For any negative interger -m
For any negative integer \(-m\) $$(\cos \theta+i\sin \theta)^{-m}=\cos (-m\theta)+i\sin (-m\theta)$$
We extend the De Moivre’s Theorem in the case of a negative integer -m.
$$\begin{eqnarray*}z^{-m}&=&(\cos \theta+i\sin \theta)^{-m}\\&=&\frac{1}{(\cos \theta+i\sin \theta)^{m}}\\&=&\frac{1}{\cos m\theta+i\sin m\theta}\\&=&\frac{\cos m\theta-i\sin m\theta}{(\cos m\theta+i\sin m\theta)(\cos m\theta-i\sin m\theta)}\\&=&\cos m\theta-i\sin m\theta\\&=&\cos (-m\theta)+i\sin (-m\theta)\\\end{eqnarray*}$$
Thus, De Moivre’s Theorem is true for any negative integer -m.

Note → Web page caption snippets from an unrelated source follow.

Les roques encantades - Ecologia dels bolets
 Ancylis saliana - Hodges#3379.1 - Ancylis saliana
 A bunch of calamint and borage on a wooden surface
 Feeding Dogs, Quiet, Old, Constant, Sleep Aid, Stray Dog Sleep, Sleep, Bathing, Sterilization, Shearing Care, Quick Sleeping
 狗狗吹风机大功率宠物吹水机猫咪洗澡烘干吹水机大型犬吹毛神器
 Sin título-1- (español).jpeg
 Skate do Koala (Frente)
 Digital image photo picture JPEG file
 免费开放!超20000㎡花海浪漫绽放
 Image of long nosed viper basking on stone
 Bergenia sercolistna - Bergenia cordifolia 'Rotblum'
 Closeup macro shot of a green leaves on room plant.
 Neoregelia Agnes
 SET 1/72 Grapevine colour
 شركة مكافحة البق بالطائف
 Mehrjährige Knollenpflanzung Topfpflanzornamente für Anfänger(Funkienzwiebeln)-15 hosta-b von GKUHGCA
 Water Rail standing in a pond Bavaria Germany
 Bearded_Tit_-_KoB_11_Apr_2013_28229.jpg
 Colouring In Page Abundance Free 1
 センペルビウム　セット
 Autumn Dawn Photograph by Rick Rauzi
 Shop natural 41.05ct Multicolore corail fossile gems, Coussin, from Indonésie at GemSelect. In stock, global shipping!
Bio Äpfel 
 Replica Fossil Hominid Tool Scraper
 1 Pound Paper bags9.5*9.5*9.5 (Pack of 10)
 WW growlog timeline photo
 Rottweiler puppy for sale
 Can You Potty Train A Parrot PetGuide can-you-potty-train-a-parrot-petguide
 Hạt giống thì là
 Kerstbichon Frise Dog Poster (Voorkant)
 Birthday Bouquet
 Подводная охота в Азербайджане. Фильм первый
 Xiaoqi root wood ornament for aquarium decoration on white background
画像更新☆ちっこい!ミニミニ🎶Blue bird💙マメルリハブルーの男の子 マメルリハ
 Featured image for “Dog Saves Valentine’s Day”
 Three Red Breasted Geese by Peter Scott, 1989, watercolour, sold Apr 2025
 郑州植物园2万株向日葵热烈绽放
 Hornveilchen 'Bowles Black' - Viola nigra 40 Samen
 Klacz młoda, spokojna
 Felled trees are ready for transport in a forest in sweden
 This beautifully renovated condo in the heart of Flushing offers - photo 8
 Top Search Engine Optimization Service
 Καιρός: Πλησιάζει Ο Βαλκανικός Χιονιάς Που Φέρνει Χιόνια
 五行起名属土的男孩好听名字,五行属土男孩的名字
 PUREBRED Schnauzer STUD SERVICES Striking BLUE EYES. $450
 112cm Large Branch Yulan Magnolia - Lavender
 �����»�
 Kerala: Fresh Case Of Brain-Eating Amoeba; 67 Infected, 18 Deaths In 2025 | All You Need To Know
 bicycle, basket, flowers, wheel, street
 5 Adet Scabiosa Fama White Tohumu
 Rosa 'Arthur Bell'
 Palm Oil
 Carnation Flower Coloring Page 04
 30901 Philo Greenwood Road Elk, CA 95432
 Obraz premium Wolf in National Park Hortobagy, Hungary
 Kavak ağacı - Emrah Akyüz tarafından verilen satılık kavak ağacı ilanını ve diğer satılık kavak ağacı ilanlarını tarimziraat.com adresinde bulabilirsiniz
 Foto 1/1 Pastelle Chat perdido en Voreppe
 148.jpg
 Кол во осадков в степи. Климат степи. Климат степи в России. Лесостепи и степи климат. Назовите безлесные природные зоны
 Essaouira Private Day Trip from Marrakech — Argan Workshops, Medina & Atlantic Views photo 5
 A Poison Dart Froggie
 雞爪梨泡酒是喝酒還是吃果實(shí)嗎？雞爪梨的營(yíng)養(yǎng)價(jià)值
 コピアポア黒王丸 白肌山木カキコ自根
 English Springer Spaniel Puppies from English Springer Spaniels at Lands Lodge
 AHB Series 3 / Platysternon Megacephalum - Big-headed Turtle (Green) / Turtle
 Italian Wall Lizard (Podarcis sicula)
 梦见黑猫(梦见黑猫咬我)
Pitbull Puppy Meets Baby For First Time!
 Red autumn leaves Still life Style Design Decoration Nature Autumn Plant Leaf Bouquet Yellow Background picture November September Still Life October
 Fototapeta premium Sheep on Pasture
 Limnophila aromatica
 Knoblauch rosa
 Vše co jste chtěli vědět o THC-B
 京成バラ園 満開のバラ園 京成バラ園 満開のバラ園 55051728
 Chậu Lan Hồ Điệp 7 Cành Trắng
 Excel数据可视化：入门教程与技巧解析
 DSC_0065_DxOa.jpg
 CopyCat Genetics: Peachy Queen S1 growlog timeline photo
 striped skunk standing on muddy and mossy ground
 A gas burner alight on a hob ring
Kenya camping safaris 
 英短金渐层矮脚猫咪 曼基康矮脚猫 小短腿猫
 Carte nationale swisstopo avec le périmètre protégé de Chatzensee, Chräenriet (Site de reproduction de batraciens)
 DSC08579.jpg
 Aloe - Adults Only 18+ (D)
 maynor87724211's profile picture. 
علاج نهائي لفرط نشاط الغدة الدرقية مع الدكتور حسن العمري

Furthermore, if we define \(z^{0}=(\cos \theta+i\sin \theta)^{0}=1\), the De Moivre’s Theorem is true for m=0. Therefore De Moivre’s Theorem is true for any integers.
Example
Find \((-\sqrt{3}+i)^{-4}\) .
Since \((-\sqrt{3}+i)=2(\cos 150^{\circ}+i\sin 150^{\circ})\), we obtain
\begin{eqnarray*}(-\sqrt{3}+i)^{-4}&=&2^{-4}(\cos (150\times (-4))^{\circ}+i\sin (150\times (-4))^{\circ})\\&=&\frac{1}{16}(\cos (-600) ^{\circ}+i\sin (-600)^{\circ})\\&=&\frac{1}{16}(\cos 120^{\circ}+i\sin 120^{\circ}) \ \ \ (\text{ ∵ } -600^{\circ}=120^{\circ}+360^{\circ}\times (-2))\\&=&\frac{1}{16}\left(-\frac{1}{2}+\frac{\sqrt{3}}{2}i\right)\\&=&-\frac{1}{32}+\frac{\sqrt{3}}{32}i\end{eqnarray*}